By 1787, Weissenfels' financial difficulties were so severe that on February 23, 1787, the New York State Legislature passed a bond, "from Frederick Weissenfels to the people of the state, for such sum as shall be found due him, to be paid in such sums as shall be found due from him to them, to be paid in certificates issued by the treasurer, to discharge him from the suit against him by the people." This act of the New York Legislature may be an indication of the respect and regard which the people of New York State at that time had for Weissenfels' Revolutionary War service.

In June 1787, he wrote to George Washington requesting the general's assistance in obtaining a government appointment. In a letter from Washington to Weissenfels, dated January 10, 1788, the general declined.

The next month, on February 17, 1788, Weissenfels petitioned the New York City Common Council for a raise in his pay as captain of the city watch. Although his old friend, Marius Willet, was the sheriff of New York County during this time, the request was read and postponed.

On May 13, 1788, he again petitioned Congress to be treated as a foreign officer. He had apparently written again to Washington and this time the general had compiled and written a recommendation, but Congress again declined.

The next year, on April 7, 1789, Weissenfels was discharged as the captain of the city watch. He had been accused of sleeping on the job, but it may have been that he lost the job when Willet lost his position as sheriff. Weissenfels was a tired and pitiable 61-year-old, who was again poor and out of work.

On January 29, 1790, Weissenfels received a land bounty for 500 acres, but this did not seem to improve his financial situation. His son, George, was a "conveyancer," a sort of lawyer who dealt with land transfers, and the pair may have gotten caught up in the land speculation of the time.

He served as Inspector of Spiritous Liquors for the City of New York in 1791 and lived at Dry's Dock.

In 1796, Weissenfels was appointed Gauger of the customs in New York City. He apparently was given the job upon the death of his son, who had held that position until his death in 1795.

He remained a resident of New York City until 1805, the last time he is listed in the New York City Directory living at 3 Hudson.

Weissenfels was a member of the New York State Society of The Society of the Cincinnati.
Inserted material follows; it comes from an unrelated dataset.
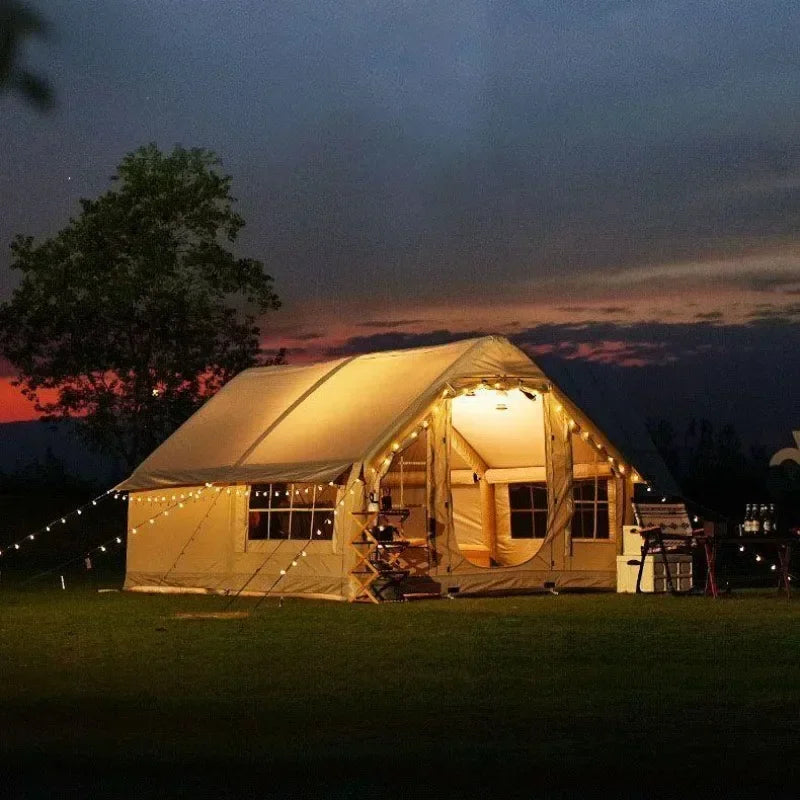 Inflatable camping tent 10 square meters enlarged large space for 6-8 person Chimney design windproof rainproof no need to build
He was the first vice-president of the New York Deutsche Gesellschaft, of which Frederick von Steuben was for many years president.

At the time of his death on May 14, 1806, he filled a minor office in the police department in New Orleans. Louisiana. The position was likely obtained for him by Abraham Redwood Ellery, a wealthy New Orleans planter, lawyer, and the husband of his granddaughter, Sarah Charlotte Weissenfels.

Weissenfels' children also suffered after the war. His son and fellow Revolutionary soldier, Charles, who was the Collector of Customs in New York City in 1795, died that same year. Charles' wife, the former Rhoda Salter, ran a boarding house on Courtlandt Street until 1803. His son, Peter, the lawyer, who also served in the Revolution, first as a fifer and later as a Lieutenant, died in 1798. His wife, the former Maria Leaycraft, also ran a boarding house following her husband's death. She disappears from the New York City Directory between 1800 and 1805. Then, in 1806, she reappears following the exit of her father-in-law to New Orleans as a doctor living at 37 Murray St.